Es gibt Tage, da möchte man eigentlich nur „mal eben“ ein paar SSL-Zertifikate umstellen. Nichts Großes. Kein Infrastrukturdrama. Kein nächtliches Logfile-Yoga. Einfach statt Let’s Encrypt künftig die kostenlosen ACME-Zertifikate von Actalis nutzen. Klingt nach einer Sache von zehn Minuten.

Natürlich lachte irgendwo im Maschinenraum bereits ein Container.

Die Ausgangslage war eigentlich sauber: NPMplus läuft im Docker-Container, die Daten liegen brav unter /opt/npmplus, im Container gemountet als /data. In der compose.yaml wurden die passenden Actalis-Werte eingetragen:

ACME_SERVER=https://acme-api.actalis.com/acme/directory
ACME_EAB_KID=...
 ACME_EAB_HMAC_KEY=...
 ACME_PROFILE=none

So weit, so ordentlich. NPMplus startete, Certbot wurde auf Actalis losgelassen, und dann kam unter anderem auch dieser Gruß aus der Unterwelt:

Not enough quota

Ein Fehler, der klingt, als hätte man beim Zertifikatsautomaten zu viele Knöpfe gedrückt. Tatsächlich stellte sich heraus: Alte Renewal-Dateien zeigten noch auf Let’s Encrypt. Die Bestandszertifikate hatten ihre Vergangenheit nicht losgelassen. In den Certbot-Renewal-Dateien stand außerdem noch:

server = https://acme-v02.api.letsencrypt.org/directory

Also: alte Certbot-Konfigurationen raus, Actalis rein, Container neu starten. Kurz sah alles gut aus. Ich hab dann vorher noch was rum gewurstelt.
Dann war "auf einmal" der Renewal-Ordner leer. Ups.
Wie, den sollte ich gar nicht löschen? 👀

Das brachte NPMplus in eine kleine Identitätskrise. Die Datenbank kannte noch Zertifikate wie npm-1, npm-15 oder npm-38, aber die passenden Dateien unter live/ waren bereits Geschichte.

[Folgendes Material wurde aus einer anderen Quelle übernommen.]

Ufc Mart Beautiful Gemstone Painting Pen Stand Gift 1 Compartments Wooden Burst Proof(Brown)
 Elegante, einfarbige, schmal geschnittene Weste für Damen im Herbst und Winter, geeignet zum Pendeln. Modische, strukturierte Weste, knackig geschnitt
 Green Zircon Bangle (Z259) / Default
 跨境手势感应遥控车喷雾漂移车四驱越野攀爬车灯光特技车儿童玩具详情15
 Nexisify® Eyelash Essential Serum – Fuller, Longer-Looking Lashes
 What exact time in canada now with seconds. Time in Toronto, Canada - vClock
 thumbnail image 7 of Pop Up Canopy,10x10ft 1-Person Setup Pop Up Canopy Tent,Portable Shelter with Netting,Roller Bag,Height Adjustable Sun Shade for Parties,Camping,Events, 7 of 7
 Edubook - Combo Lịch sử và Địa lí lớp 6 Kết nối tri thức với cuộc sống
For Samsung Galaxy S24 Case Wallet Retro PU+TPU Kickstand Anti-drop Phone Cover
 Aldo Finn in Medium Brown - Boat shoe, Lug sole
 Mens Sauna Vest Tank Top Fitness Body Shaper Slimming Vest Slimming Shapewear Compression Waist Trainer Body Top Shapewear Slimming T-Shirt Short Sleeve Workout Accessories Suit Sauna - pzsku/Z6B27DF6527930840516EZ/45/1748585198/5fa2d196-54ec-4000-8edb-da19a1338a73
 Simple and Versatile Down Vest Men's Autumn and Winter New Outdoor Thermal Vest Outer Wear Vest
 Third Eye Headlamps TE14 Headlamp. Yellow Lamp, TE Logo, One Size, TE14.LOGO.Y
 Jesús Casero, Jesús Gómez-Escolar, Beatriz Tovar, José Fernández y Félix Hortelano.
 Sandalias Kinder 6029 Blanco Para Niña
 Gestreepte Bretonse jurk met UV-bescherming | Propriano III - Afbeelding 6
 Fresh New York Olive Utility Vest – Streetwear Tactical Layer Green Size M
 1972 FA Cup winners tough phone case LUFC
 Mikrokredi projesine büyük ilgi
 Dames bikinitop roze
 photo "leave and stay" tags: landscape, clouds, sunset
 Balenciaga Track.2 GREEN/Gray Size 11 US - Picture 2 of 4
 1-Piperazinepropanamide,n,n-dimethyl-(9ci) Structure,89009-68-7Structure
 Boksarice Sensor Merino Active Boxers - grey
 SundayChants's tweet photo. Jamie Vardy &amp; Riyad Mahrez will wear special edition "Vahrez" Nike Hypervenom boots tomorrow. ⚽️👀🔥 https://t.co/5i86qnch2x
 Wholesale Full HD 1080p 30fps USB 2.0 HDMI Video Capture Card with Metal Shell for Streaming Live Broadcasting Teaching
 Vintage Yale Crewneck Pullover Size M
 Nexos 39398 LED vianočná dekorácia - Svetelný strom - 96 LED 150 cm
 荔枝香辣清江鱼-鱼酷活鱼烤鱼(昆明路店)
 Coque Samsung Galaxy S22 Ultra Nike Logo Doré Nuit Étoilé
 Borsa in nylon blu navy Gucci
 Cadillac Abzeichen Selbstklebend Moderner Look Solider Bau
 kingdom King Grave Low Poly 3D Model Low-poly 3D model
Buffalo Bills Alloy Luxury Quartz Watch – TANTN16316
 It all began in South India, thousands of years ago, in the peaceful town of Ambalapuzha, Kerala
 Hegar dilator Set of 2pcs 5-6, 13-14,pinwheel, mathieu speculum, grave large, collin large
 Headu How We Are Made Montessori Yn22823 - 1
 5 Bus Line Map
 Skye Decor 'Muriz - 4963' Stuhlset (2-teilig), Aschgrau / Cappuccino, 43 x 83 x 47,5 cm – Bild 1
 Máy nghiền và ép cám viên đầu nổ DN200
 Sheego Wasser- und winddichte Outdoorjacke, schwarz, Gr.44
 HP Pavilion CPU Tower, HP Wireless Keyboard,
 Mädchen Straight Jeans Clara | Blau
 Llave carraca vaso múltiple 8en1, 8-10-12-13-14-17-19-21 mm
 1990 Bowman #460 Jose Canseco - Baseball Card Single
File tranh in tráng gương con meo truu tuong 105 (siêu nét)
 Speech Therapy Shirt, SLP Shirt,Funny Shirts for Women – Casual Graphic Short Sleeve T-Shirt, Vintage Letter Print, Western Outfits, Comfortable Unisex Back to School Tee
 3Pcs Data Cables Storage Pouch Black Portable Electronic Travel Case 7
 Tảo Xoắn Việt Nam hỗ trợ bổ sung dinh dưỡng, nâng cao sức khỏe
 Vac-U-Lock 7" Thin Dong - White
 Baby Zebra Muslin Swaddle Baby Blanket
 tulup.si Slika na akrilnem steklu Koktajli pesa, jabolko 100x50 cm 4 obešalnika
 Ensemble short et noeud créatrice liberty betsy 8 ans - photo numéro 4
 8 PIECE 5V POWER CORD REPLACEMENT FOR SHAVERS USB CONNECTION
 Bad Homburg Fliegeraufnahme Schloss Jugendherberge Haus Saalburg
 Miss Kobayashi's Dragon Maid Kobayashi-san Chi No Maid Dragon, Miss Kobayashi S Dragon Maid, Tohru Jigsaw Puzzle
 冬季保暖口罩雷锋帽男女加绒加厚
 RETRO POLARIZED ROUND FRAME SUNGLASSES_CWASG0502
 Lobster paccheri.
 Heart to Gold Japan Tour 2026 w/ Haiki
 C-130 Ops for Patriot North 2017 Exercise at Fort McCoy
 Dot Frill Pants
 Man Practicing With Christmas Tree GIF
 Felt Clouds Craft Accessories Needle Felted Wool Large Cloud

Nginx war entsprechend wenig begeistert:

cannot load certificate "/data/tls/certbot/live/npm-1/fullchain.pem"

Also wurden Dummy-Zertifikate gebaut, damit NPMplus überhaupt wieder starten konnte. Kein Schmuckstück, aber ein solider Feuerwehrschlüssel.
Naja... nach dem Neustart des Containers war der dann auch wieder da. Hui.
(PS, macht diesen Fehler einfach nicht....)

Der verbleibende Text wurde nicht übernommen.